Records drawn from a dataset
>>

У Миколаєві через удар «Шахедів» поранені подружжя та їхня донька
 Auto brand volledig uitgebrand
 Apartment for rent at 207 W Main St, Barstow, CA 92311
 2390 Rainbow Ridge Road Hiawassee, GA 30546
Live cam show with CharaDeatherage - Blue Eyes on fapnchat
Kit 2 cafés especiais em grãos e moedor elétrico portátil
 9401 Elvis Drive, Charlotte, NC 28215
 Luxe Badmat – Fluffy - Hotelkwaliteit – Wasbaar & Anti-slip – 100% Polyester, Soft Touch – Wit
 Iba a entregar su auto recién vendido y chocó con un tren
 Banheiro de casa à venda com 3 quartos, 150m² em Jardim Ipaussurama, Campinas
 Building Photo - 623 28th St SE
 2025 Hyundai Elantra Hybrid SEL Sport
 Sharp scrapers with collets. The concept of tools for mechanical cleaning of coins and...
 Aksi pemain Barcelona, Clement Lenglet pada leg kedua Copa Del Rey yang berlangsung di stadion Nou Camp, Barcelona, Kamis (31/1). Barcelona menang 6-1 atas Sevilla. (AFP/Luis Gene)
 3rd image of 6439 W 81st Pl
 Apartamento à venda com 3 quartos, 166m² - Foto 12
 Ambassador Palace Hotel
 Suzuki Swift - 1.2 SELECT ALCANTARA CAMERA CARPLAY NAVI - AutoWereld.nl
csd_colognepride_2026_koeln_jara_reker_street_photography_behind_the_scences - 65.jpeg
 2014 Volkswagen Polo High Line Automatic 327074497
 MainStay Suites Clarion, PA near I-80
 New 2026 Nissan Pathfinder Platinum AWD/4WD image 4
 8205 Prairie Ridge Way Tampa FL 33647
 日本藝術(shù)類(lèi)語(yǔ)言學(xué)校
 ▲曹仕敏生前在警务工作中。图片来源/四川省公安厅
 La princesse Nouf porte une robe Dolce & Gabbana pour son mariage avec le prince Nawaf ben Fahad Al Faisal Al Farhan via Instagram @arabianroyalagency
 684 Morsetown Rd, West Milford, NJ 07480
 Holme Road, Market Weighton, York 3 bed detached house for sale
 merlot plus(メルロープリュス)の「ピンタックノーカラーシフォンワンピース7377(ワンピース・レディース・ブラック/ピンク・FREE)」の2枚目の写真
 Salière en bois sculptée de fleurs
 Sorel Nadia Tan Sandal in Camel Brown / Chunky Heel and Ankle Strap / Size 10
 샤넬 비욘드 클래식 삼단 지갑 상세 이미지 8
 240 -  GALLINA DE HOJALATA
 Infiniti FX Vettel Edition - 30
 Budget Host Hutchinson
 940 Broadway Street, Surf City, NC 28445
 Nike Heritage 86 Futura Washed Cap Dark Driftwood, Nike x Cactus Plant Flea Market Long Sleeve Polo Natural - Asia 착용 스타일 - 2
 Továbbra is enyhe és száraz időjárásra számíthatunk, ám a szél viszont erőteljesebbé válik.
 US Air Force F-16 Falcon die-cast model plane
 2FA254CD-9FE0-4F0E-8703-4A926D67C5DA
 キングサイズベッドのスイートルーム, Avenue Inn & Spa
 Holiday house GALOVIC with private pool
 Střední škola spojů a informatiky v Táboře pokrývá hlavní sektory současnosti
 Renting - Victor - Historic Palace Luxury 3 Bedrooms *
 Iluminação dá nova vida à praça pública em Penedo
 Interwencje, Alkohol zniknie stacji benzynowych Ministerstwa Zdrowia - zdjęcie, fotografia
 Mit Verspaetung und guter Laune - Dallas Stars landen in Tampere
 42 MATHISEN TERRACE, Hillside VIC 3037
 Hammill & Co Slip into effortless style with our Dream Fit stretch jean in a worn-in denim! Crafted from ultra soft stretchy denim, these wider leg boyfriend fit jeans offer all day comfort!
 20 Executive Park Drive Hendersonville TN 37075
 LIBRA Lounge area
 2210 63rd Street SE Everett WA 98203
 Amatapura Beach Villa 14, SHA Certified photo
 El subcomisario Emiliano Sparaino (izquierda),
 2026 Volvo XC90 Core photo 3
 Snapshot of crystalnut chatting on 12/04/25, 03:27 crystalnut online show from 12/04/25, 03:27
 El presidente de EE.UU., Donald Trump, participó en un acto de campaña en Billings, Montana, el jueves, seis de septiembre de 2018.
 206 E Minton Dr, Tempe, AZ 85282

<<

_Aim of the task_.
An exact copy of the lines from the one with "LIBRA Lounge area" through the final line of the entries is the whole answer.

_Written answer_.
 LIBRA Lounge area
 2210 63rd Street SE Everett WA 98203
 Amatapura Beach Villa 14, SHA Certified photo
 El subcomisario Emiliano Sparaino (izquierda),
 2026 Volvo XC90 Core photo 3
 Snapshot of crystalnut chatting on 12/04/25, 03:27 crystalnut online show from 12/04/25, 03:27
 El presidente de EE.UU., Donald Trump, participó en un acto de campaña en Billings, Montana, el jueves, seis de septiembre de 2018.
 206 E Minton Dr, Tempe, AZ 85282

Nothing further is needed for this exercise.